成功的軟件開發人員會按照便于自動化的方式運行測試,這樣就可以不斷地證明軟件工作正常。他們明白不必要的復雜性的危害。他們嚴格地遵守自己的方法,在每個階段都進行認真的復查,尋找重構的機會。他們經常思考如何確保其軟件是可測試、可讀且可維護的。盡管 Python 語言的設計者和 Python 社區都非常重視編寫干凈、可維護的代碼,但是仍然很容易出現相反的局面。在本文中,我們要探討這個問題,討論如何用 Python 編寫干凈、可測試、高質量的代碼。
演示這種開發風格的最好方法是解決一個假想的問題。假設您是某公司的后端 web 開發人員,公司允許用戶發表評論,您需要設法顯示和突出顯示這些評論的小片段。解決此問題的一種方法是編寫一個大函數,它接受文本片段和查詢參數,返回字符數量有限的片段并突出顯示查詢參數。
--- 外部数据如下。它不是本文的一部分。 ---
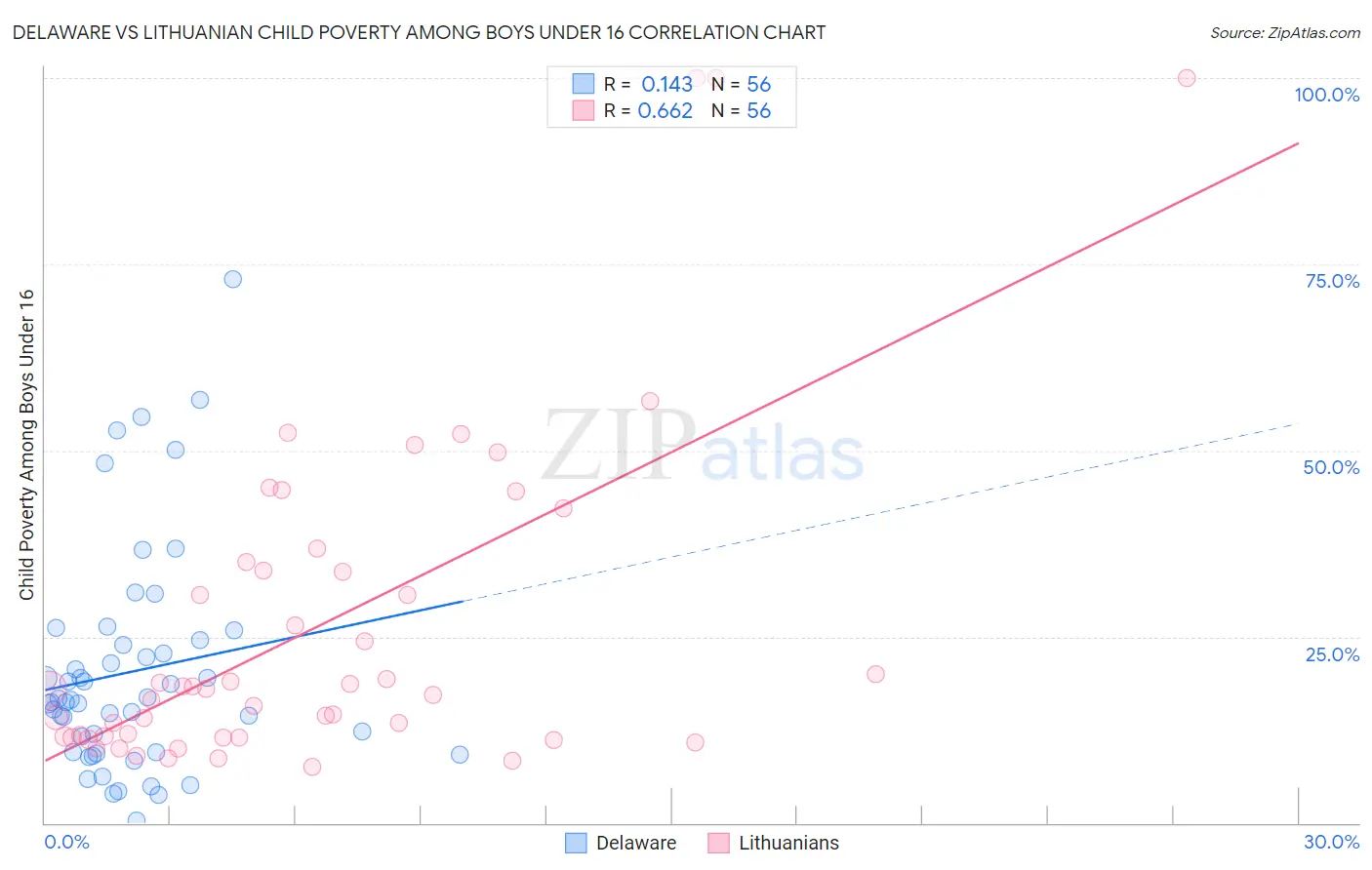 Delaware vs Lithuanian Child Poverty Among Boys Under 16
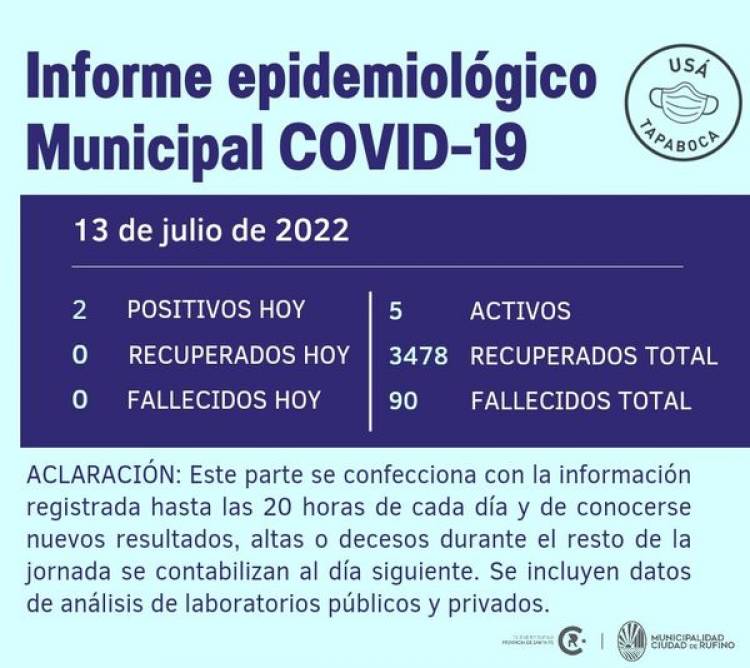 INFORME EPIDEMIOLOGICO MUNICIPAL DE COVID- 19 DE RUFINO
解決此問題所需的所有邏輯都放在一個巨大的函數中,您只需反復運行腳本,直到得到想要的結果。代碼結構很可能像下面的代碼示例這樣,常常包含打印語句或日志記錄語句和交互式 shell。
?def my_mega_function(snippet, query)
"""This takes a snippet of text, and a query parameter and returns """
#Logic goes here, and often runs on for several hundred lines
#There are often deeply nested conditional statements and loops
#Function could reach several hundred, if not thousands of lines
return result
對于 Python、Perl 或 Ruby 等動態語言,軟件開發人員很容易一味專注于問題本身,常常采用交互方式進行探索,直到出現看似正確的結果,然后就宣告任務完成了。不幸的是,盡管這種方式很方便、很有吸引力,但是這常常會造成大功告成的錯覺,這是很危險的。危險主要在于沒有設計可測試的解決方案,而且沒有對軟件的復雜性進行適當的控制。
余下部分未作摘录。